What the task asks:
In the records below, find each line that holds "Clutch" and return it.

——————

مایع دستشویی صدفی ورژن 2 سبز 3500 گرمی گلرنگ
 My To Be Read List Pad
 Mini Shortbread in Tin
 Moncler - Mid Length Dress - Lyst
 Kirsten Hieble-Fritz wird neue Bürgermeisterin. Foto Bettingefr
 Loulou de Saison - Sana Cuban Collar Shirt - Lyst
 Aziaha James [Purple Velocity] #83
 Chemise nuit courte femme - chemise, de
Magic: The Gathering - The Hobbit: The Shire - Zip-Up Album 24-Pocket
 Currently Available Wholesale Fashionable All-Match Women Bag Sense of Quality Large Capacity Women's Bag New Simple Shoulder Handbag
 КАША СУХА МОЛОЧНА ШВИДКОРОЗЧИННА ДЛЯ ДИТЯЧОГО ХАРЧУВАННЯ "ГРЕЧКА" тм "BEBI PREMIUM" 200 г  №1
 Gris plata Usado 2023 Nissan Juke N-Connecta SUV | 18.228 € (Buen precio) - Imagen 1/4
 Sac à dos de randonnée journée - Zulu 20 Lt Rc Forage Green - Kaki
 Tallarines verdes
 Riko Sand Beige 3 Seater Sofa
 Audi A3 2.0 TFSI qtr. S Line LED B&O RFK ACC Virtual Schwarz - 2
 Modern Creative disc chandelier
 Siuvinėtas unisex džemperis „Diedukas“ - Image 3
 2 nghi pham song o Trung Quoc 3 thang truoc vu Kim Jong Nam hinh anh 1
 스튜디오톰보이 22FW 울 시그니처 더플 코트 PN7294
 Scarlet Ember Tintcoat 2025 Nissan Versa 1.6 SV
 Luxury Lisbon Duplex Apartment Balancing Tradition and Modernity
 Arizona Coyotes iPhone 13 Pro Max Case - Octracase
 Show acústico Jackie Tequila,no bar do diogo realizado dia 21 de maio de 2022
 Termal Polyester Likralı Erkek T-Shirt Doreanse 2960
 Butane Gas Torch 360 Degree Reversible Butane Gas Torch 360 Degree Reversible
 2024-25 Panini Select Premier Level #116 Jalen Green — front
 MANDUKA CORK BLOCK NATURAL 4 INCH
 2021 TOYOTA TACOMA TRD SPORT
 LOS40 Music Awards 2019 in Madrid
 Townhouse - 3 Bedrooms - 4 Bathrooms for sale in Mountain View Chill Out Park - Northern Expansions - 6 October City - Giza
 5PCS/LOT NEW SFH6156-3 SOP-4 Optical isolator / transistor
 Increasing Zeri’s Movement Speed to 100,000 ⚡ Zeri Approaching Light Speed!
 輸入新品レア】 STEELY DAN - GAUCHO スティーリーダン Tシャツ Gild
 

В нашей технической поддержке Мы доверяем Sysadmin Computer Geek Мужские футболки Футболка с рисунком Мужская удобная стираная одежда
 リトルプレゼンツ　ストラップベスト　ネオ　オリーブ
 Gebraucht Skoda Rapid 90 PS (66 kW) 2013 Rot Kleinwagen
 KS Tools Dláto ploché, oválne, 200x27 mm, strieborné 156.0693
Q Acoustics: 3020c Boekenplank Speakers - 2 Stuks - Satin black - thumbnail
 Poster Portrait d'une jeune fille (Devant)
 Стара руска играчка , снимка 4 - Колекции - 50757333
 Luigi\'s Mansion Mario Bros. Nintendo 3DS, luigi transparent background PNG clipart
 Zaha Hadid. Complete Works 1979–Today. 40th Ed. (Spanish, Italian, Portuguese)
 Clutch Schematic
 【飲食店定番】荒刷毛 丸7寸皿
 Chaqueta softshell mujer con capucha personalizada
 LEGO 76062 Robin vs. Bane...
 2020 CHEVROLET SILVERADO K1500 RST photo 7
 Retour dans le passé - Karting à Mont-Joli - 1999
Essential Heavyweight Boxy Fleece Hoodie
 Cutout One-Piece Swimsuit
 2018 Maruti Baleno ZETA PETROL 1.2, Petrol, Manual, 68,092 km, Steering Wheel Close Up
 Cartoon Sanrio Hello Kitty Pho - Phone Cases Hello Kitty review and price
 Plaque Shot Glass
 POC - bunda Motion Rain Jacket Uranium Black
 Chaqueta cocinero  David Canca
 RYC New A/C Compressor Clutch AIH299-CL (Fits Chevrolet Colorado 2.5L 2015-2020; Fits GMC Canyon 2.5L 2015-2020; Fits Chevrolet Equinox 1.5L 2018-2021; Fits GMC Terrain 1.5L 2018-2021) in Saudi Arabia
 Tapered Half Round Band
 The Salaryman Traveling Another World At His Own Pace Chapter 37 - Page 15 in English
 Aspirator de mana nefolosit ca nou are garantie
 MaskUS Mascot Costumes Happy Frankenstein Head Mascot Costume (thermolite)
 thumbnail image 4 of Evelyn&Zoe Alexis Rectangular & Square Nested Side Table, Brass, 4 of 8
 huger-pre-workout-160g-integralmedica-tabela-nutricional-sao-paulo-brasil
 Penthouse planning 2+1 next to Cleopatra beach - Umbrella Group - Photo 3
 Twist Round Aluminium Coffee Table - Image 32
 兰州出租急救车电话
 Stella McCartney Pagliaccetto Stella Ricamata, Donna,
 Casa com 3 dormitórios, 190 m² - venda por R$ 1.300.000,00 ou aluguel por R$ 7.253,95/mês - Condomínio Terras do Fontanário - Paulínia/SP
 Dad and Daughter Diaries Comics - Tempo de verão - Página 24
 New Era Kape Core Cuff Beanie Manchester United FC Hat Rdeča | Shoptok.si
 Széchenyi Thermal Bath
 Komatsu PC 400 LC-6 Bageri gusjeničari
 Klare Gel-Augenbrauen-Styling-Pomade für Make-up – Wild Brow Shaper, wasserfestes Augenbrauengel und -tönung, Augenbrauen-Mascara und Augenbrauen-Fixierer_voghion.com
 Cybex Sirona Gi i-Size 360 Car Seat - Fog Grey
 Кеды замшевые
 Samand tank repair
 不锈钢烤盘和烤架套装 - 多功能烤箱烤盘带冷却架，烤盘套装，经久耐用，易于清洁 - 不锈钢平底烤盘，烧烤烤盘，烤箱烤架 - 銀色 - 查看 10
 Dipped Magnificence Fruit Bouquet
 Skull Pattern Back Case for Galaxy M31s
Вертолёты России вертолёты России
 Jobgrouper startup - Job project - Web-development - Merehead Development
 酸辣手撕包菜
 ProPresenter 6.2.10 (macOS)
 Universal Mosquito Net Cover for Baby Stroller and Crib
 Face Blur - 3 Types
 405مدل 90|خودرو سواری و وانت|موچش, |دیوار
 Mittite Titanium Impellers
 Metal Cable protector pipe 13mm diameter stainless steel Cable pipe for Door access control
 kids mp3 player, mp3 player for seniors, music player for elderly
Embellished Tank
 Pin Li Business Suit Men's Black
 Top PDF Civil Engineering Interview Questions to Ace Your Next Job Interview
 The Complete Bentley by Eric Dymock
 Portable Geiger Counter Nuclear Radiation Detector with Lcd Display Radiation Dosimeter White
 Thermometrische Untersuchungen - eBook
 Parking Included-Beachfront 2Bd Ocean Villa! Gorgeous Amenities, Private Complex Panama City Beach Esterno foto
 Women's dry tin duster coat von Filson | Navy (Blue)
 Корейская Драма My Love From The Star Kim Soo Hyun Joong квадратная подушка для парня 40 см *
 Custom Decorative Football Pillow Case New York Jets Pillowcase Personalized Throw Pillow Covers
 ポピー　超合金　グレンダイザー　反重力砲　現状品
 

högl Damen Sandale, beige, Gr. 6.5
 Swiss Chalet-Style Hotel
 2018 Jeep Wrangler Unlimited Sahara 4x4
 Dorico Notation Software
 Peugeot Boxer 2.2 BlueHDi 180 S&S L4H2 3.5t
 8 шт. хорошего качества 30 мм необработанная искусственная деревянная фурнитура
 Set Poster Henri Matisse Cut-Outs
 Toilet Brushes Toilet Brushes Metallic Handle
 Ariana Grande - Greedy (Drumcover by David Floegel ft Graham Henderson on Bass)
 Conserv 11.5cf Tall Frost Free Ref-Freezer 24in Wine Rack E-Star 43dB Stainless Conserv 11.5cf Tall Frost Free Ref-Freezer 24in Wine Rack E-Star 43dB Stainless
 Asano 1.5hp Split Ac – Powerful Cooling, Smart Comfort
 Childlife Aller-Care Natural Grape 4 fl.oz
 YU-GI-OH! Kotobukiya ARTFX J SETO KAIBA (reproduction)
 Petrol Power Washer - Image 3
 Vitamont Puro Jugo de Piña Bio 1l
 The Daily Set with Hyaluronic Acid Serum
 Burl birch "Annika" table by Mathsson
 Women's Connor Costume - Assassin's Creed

——————

Task output:
 Clutch Schematic
 RYC New A/C Compressor Clutch AIH299-CL (Fits Chevrolet Colorado 2.5L 2015-2020; Fits GMC Canyon 2.5L 2015-2020; Fits Chevrolet Equinox 1.5L 2018-2021; Fits GMC Terrain 1.5L 2018-2021) in Saudi Arabia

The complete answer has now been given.